The last I heard, we still lived in the USA. I can see residency being a requirement to initially get the job but there should be a period of time after which you can move or better yet as I put it, gain parole. 

Does it make any difference if the Firefighter or Police Officer lives in the community in which they work? Will they try harder to put out the fire or catch the bad guy if they don't live within that specific jurisdiction? I don't think so.

Boston has a residency requirement strictly enforced by Il Duce Menino and his minions to the point where they have a so called "hearings" to determine if you are truly a resident or not. I know of only 2 employees out of dozens who have been persecuted there who have gotten their jobs back. 

Two employees of note was the part time 911 dispatcher who made $8 / hr. who lived with her dad in Braintree and needed kidney dialysis who has since passed on. She needed to live in Briantree so her father could drive her to get her dialisis. The other was the poor blind guy in a wheelchair who was the greeter at City Hall. He settled ouy of court for over $200,000 with the city. As far as I am concerned, he had the perfect excuse. He could have said, "Hey I am blind, I thought I lived in Brighton but I guess I don't. My wife has been lying to me again."

I guess the kangaroo court that Il Duce Menino runs spent a good chunk of change to purge these 2 "scofflaws of the residency program" from the payroll. These 2 sould hurt no one and did their jobs well. Just another way the city spends the taxpayer money wisely.

Should people be penalized for owning a house in the suburbs or down the Cape and having an apartment in Boston? Not in my book. Should these employees subject their children to violence that occurs every day in certain school districts?

Why should Boston city employees pay $1800 a month on a mortgage in a half decent neighborhood? That's if they can even afford the down payment on an overpriced house to begin with. Meter maids who bring in over $50,000,000 annually to the city coffers start their pay around $525 / week. How the hell can you afford a mortgage or even a one bedroom apartment on that pay scale??????

I am only using the Boston residency requirement as an example. It's the one I am most familiar with but I am sure most of them are all the same state wide. Just my :2c: on the subject. this is what I think of it. :2up: 

sorry for any spelling mistakes :finger2:


----------



## MVS (Jul 2, 2003)

You're right Housingcop, how can a City or Town make it a requirement to live in town if the costs are so damn high. That would be like Dover or Sherborn telling their PO's or FF's to live in town.... they better be prepared to pay $80,000 - $100,000 a year so they can afford the 2 bedroom $500K house.

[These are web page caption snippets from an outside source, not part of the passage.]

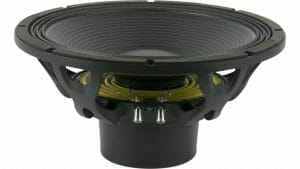 Protégé : 15LEX1600Nd, 15&Prime; Pro neodyme subwoofer 3200 W, 8 Ohms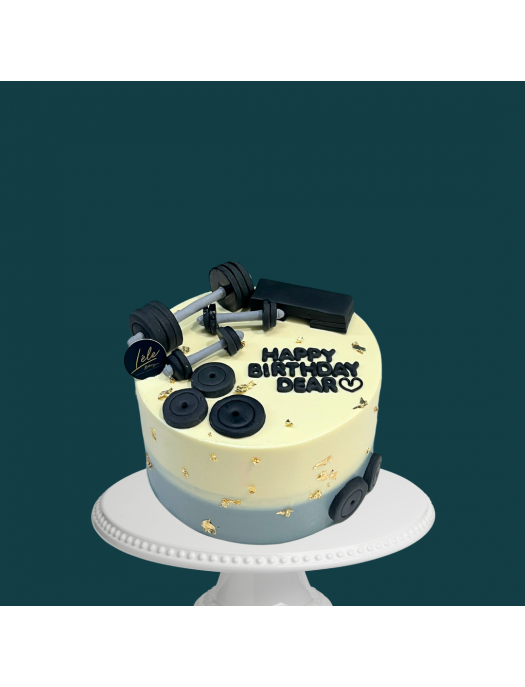 Our Cake Design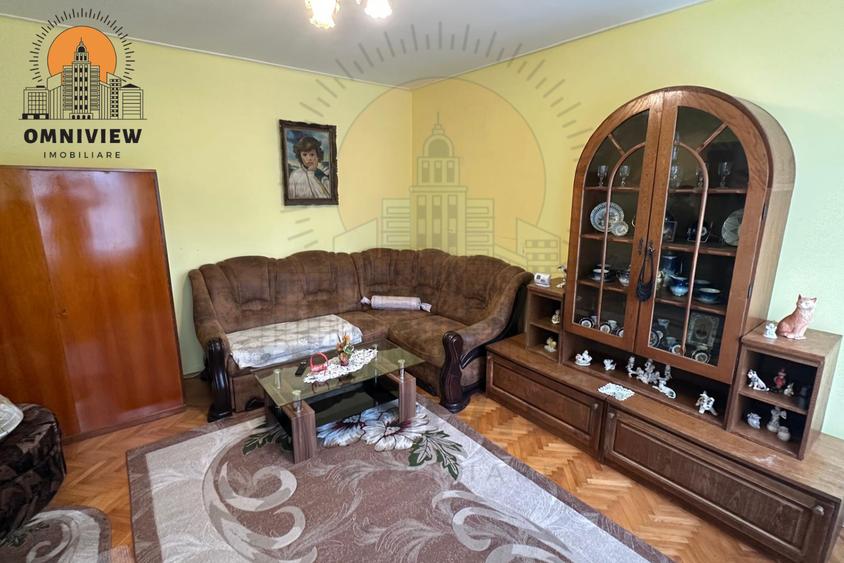 Garsonieră decomandată în Astra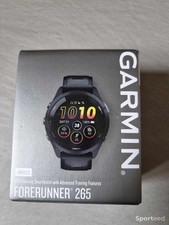Garmin forerunner 265 d'occasion  Paris VI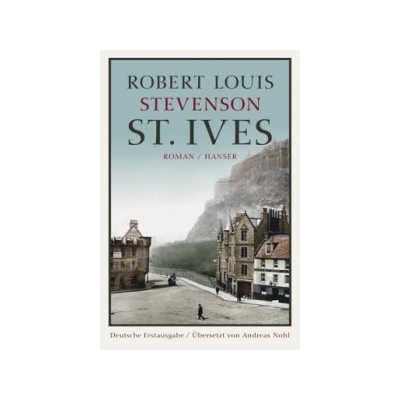 St. Ives - Stevenson, Robert Louis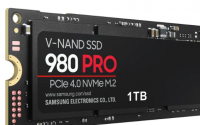 三星快速支持PCIe4.0的980ProSSD可以让您的PC构建面向未来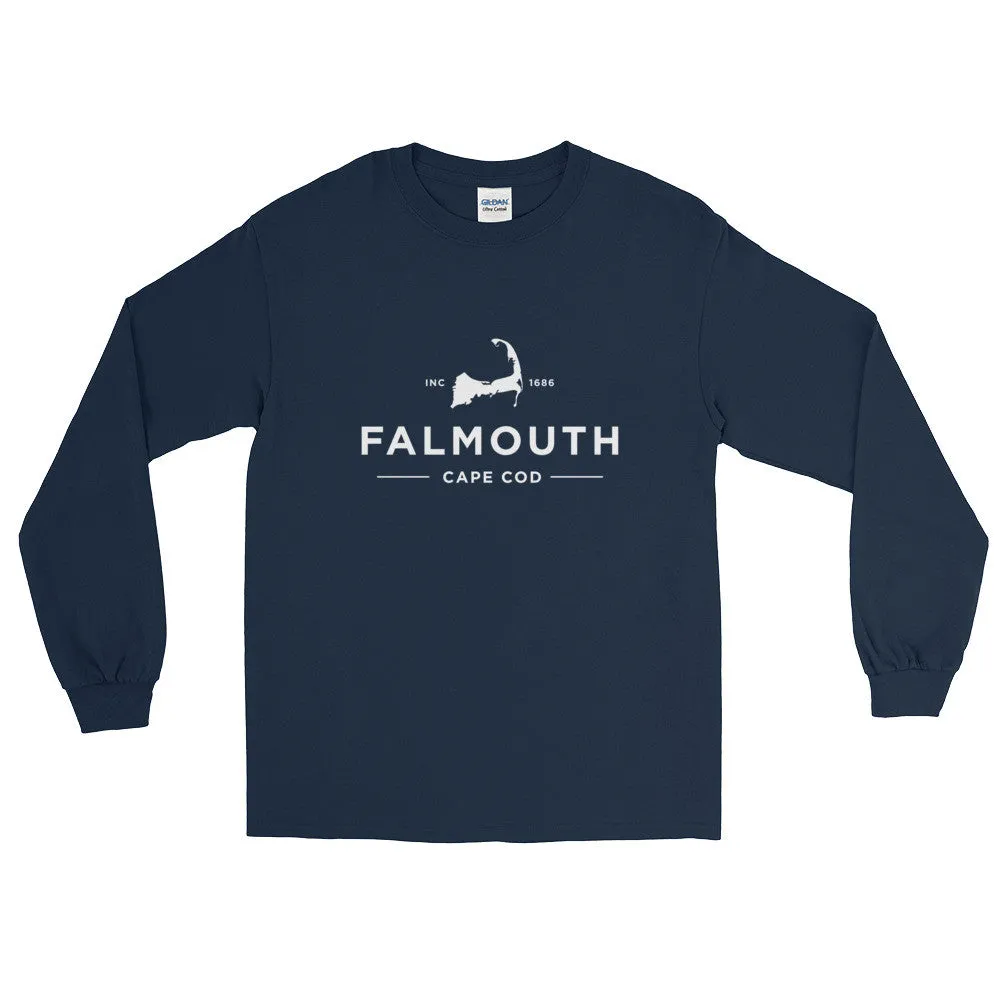 Falmouth Cape Cod Long Sleeve T-Shirt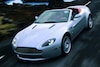 Aston Martin V8 Vantage Roadster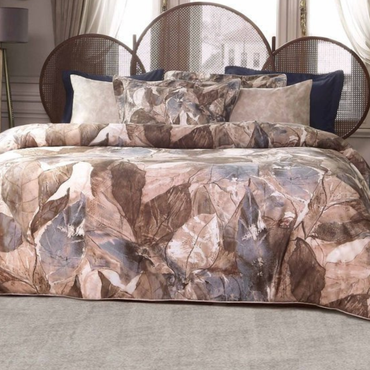 Poszewka satynowa Valeron Hazel Ostatnie Sztuki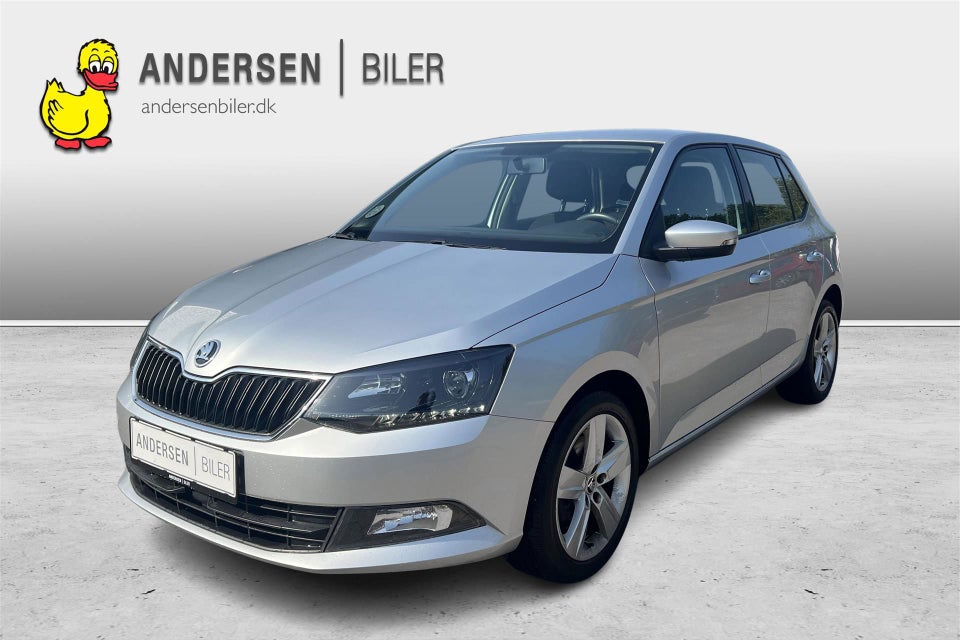 Skoda Fabia 1,2 TSi 110 Style 5d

And as far as Boston goes $1800 a month ain't bad in Boston (still outrageous) for a 1 BR apt. But another question will be, where do u park? Nothing like paying $1800 for a 700sq ft apartment and parking 5 blocks away... and hoping your car doesn't get ticketed, stolen, vandelized or broken into. 

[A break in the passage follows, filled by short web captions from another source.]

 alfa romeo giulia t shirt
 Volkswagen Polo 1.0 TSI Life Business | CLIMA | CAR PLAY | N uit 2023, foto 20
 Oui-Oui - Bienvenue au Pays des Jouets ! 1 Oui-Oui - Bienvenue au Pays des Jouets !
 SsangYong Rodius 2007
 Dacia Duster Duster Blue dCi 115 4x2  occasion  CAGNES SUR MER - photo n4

Not sure how many of you are familiar with Boston, but even most Boston PO's can't get a parking ticket fixed in their city unless it's issued by a PO (which is rare unless your dumbass parks in a handicap spot or something). Meter Maids CANNOT void tickets without a supervisor's permission - and granting permission will rarely happen.

I do agree with a 15 miles to town rule.


----------



## ELO (May 24, 2002)

I agree with a distance requirement, i.e. 15 or so miles, but residency just doesn’t make sense anymore. While Boston is expensive, the south shore and many of the other suburbs has been pricing people out of the market. How is an entry level PO or FF supposed to afford the $350K “starter” home in a Duxbury or Cohasset?? And, how is a resident who scored lower on the CS exam more qualified than someone from a neighboring community who scored higher?


----------



## ryan933 (Oct 3, 2003)

ELO said:


> And, how is a resident who scored lower on the CS exam more qualified than someone from a neighboring community who scored higher?

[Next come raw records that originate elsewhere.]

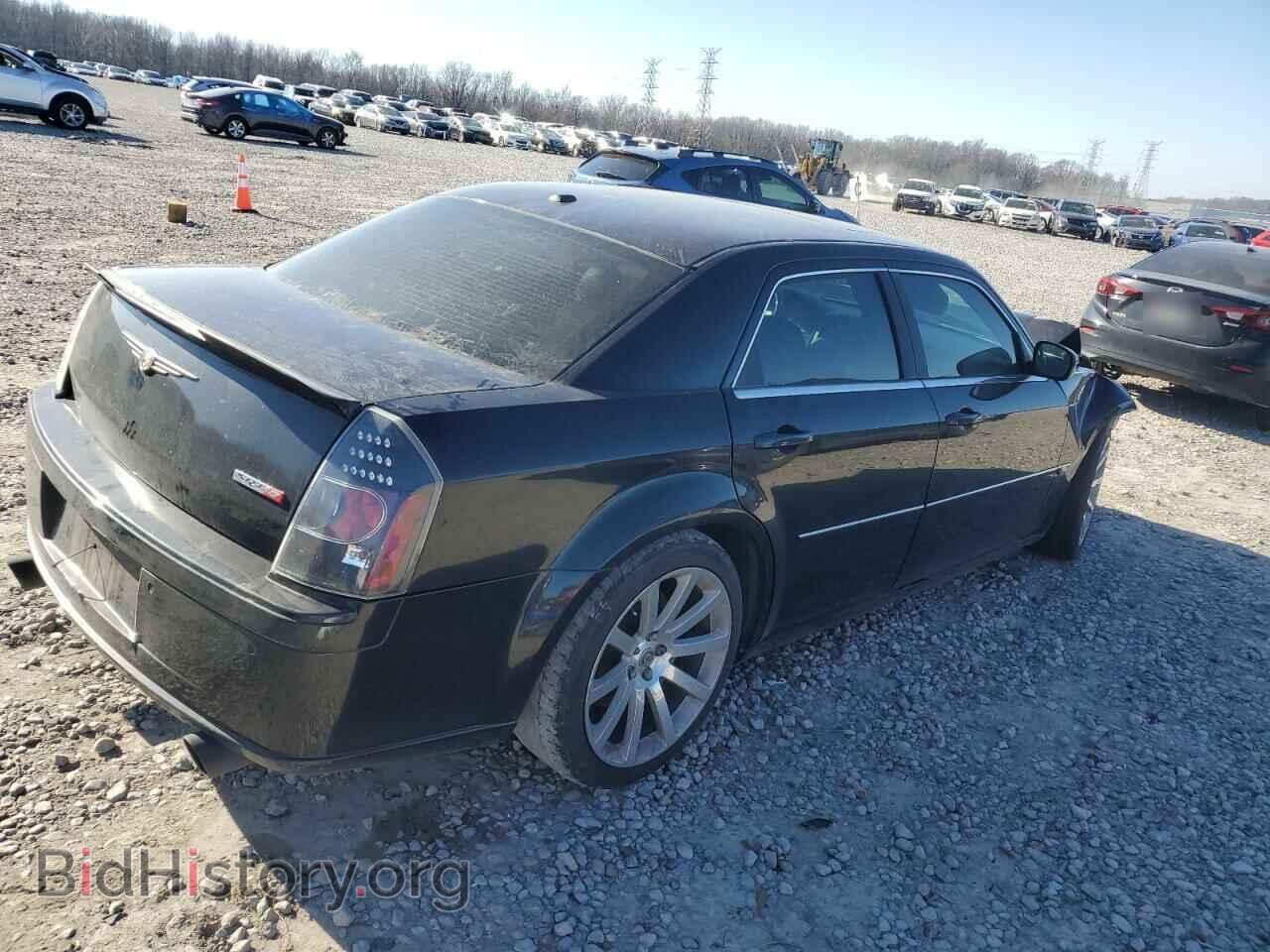 2006 CHRYSLER 300 - VIN: 2C3KA73W06H330809 - Фото 3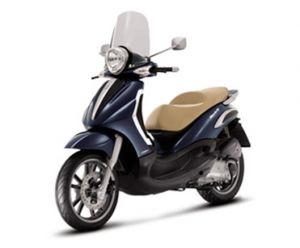 PIAGGIO Beverly Tourer 125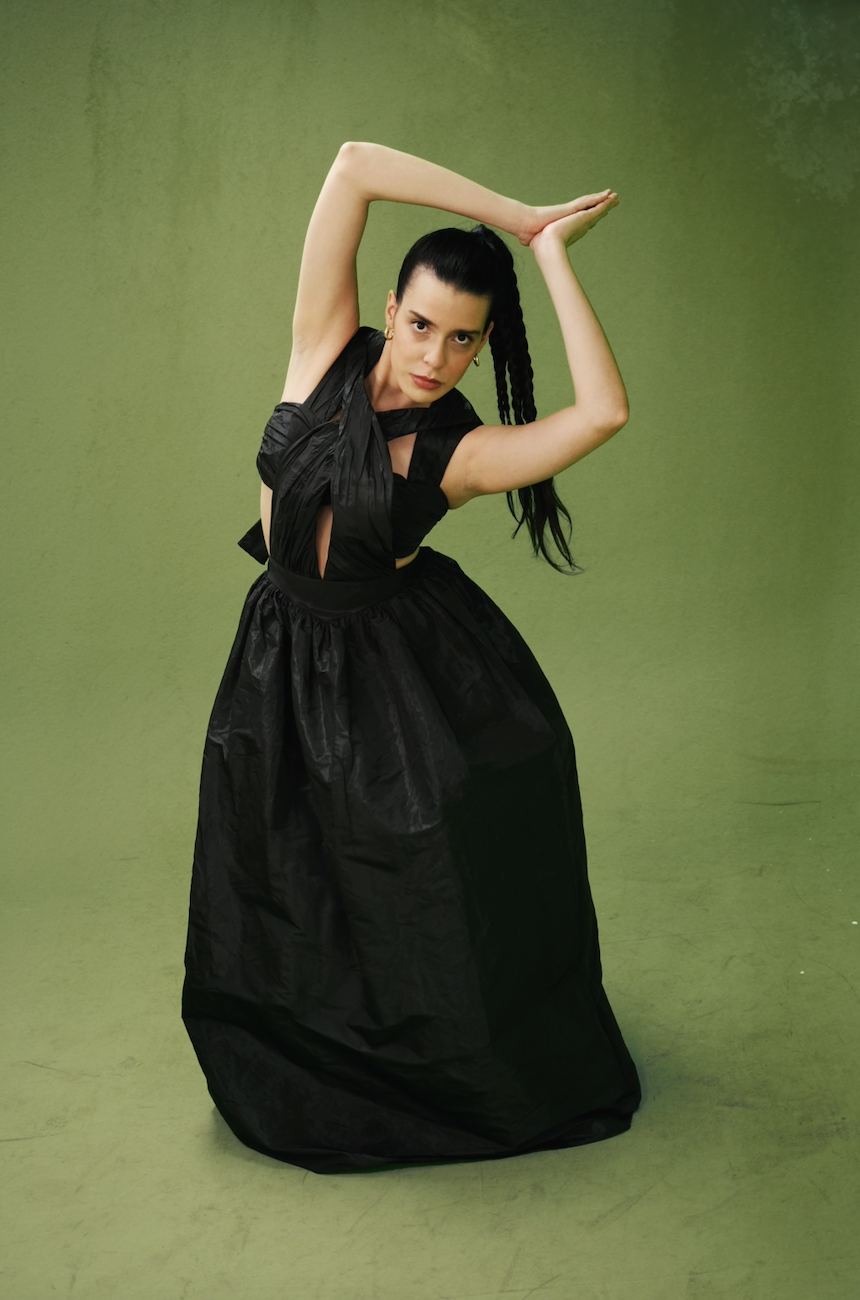Black Gown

I could not agree with you more ELO. If I had my way, there would be no such thing as residence preference. If the general public understood that their local PD was hiring a guy who scored a 70 because he lives in town, rather than hiring the guy who got a 90, but lives in the next town over...well I expect things would change. However, I do think that a distance requirement is reasonable.

Ryan


----------



## Southside (Sep 4, 2003)

I agree with you guys......However, If they do ever get rid of residency, they need to wipe out other full preferences (Veterans). I am not saying punish Vets, maybe just go back to the old system of giving them a few extra points. Of course it is just my :2c: .


----------



## dimen24 (Sep 25, 2003)

OPEN MOUTH AND INSERT :lol: just kidding.... couldn't resist, well there's another reason to revamp CC's prefs system. 

I myself have had to move from my hometown cause I couldn't afford it, now I can't afford where I live now, I'm moving in like 45 days hahah.... you all want the rest of my sob story? See when I was 5 this hairy guy, said his name was Cindy.......


----------



## sparksbj774 (Aug 7, 2003)

im stuck in the suburbs with rent that is still high


----------



## PearlOnyx (Jun 28, 2002)

No matter what you do, there's going to be somebody who is unhappy. Personally, with the fifteen mile rule, I am still screwed, as far as housing costs go. My choices, Marblehead, Swampscott, Nahant, Peabody, Danvers etc., all with 2 bedroom houses going around 300 - 350 K, market price. My only affordable option would be Lynn, Lynn, the City of Sin. I am not complaining though. When you make the decision to go out and make the effort to get this job, it's not like they hide this information from you. It's just something you have to consider.


----------



## Southside (Sep 4, 2003)

P,

Nahant is non-civil circus. You should send their Chief an email........He told me some time back that the department would be hiring in the near future.


----------



## CampusOfficer (Dec 29, 2002)

I know Nahant just had a test about a year or so ago. I don't know if they hired off it at all though.


----------



## MVS (Jul 2, 2003)

PearlOnyx,

You're right about how in some areas the 15 miles rule wouldn't help too much. But I'm thinking of areas like Dover or Sherborn with the average house is more than $500K and with the radius rule they could live in Framingham, Millis, Natick, Holliston etc. Although those areas are expensive too - it can still save the PO 200-300 k on a home.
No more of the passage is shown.